O dia 08 de Março é uma data que levou mais de 60 anos para institucionalizar-se mundialmente como “Dia Internacional da Mulher”, sendo resultado de inúmeros acontecimentos nos EUA e na Europa, dentre os quais, o tão citado incêndio na fábrica têxtil Triangle. Desde o final do século XIX, as lutas feministas pelo direito ao voto, melhores condições de vida e trabalho vem escrevendo a história desta data, que tem sido gradativamente absorvida pelo comércio, tornando-se mais uma data de consumo, voltada para estereotipação da figura feminina.
Por conta desse esvaziamento de contexto da luta feminina, o dia 08 de Março deve servir para conscientização. Não foram somente as tecelãs norte-americanas, as sufragistas, as socialistas européias que sofreram por conta de uma sociedade que trata mulheres de modo tão díspare.
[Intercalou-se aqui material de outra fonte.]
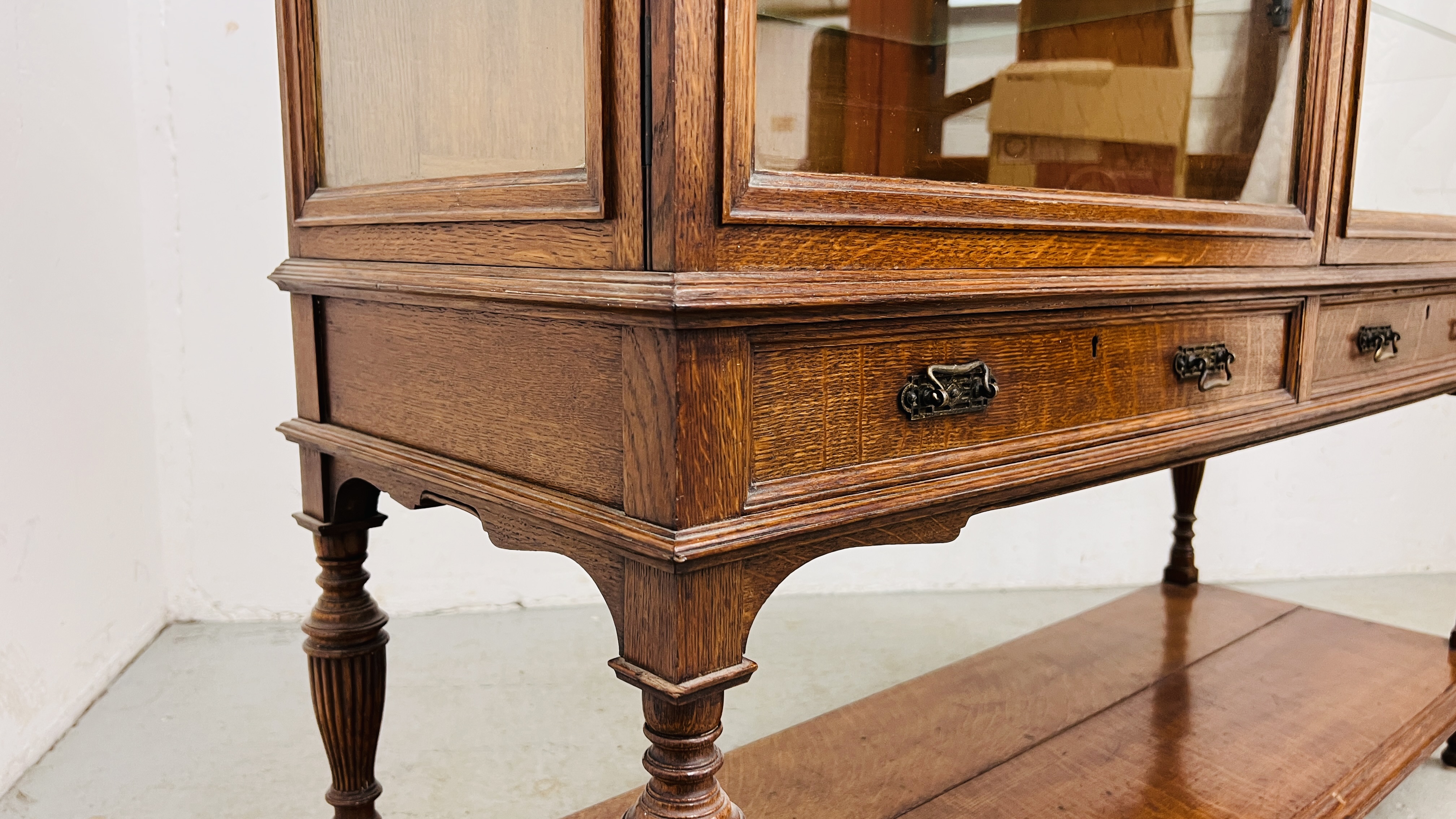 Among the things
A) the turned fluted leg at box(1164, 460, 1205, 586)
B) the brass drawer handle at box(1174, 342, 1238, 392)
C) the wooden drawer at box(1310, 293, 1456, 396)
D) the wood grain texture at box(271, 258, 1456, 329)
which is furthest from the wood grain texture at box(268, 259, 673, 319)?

Esta constituição social é bem mais antiga e estamos todos arraigados ao seu legado.
Nos dias atuais, continuamos a ver mulheres com dupla, tripla jornadas, recebendo salários menores do que seus pares, exercendo as mesmas funções, e tendo uma formação equivalente ou superior. Conhecemos e sabemos de mulheres que sofrem agressões físicas e psicológicas, dentro de casa, no ambiente de trabalho e em lugares públicos. E os números são alarmantes: uma mulher é estuprada a cada 11 minutos (considerando apenas os casos relatados à polícia, que totalizam cerca de 10% da estimativa do Ipea). E vale lembrar que a maioria esmagadora dos agressores são cônjuges, namorados, parentes e pessoas próximas às vítimas.
Pesquisas recentes apontam a perda de auto-confiança e o princípio da queda de auto-estima já nos primeiros 7 anos de idade das meninas, por conta do conteúdo que lhes é incutido como papel feminino. Mulheres são criadas e instruídas há muito tempo para serem coadjuvantes de seus esposos, administradoras do lar. O conceito de responsabilidade materna é intimamente ligado à culpa por quaisquer comportamentos negativos dos filhos. A dicotomia do que é a figura feminina é uma das principais causas de doenças psiquiátricas em jovens mulheres.
Diante de um sem número de violências sofridas cotidianamente por cada mulher e por todas, enquanto classe, o discurso de ódio ou a vitimização poderiam ser tomados como resposta. Ao contrário do que a parca parcela de pessoas desinformadas ou tendenciosas dita, não é o que ocorre. O empoderamento feminino tem crescido visivelmente nas últimas décadas e hoje já embasa, inclusive, posicionamentos político-econômicos, bem como mercadológicos. Mas esta luta deve ser contínua. A retomada de fôlego deve ser constante.
Através das lutas feministas hoje nós mulheres podemos estudar, trabalhar fora de casa, temos liberdade sexual, direito ao voto. E estamos resgatando e reescrevendo a história, trazendo à luz nomes de mulheres que tiveram seus feitos nas mais diversas áreas usurpadas. Mas temos um longo caminho pela frente: constantes quebras de paradigmas que nós mesmas carregamos, lutando contra a passividade que nos foi ensinada, questionando o que de fato é biológico e o que nos foi tolhido por manutenção de poder e buscando equilíbrio em nossas relações afetivas e de trabalho, na administração do lar, na criação dos filhos.
Somos bombardeadas pela mídia, que tenta correlacionar empoderamento a consumo e sexualização excessiva; além do sectarismo que nos classifica primeiro pela genitália, depois pela raça, pela classe, pela orientação sexual, pela identidade de gênero, pelo biotipo, pela crença, pela faixa etária, e assim por diante.
Mesmo que agora pareça mais um texto oportunista, permita-se pensar de modo crítico, não importando se você é feminista ou não, se é mulher ou não. Hoje é um dia que evoca uma longa luta, que chega até o nosso presente. Pessoas que deram suas vidas para que tivéssemos o que temos hoje, enquanto sociedade e como humanidade, e pessoas que ainda são vítimas daquilo que não evoluiu. Vemos e vivenciamos situações que evocam a necessidade dessa luta pelo equilíbrio, por um modo mais civilizado e humanizado de lidar com o outro. Então, sejamos mais atentos. Todos nós. Respeito, educação, segurança, saúde, civilidade, são direitos inerentes ao nascimento. Independem de gênero. Ou de qualquer outro fator. Uma vez humanos, todos devemos exercitar o raciocínio em busca da melhoria constante. Não é porque “sempre foi assim” que deve permanecer “assim”.
No mais, que esta data sirva para empoderar todas as mulheres e para fortalecer a sororidade que une e ensina umas às outras. E que esse dia 8 de Março seja para relembrarmos as mulheres que lutaram e lutam pelos direitos femininos, nos inspirando sempre a continuar nessa jornada.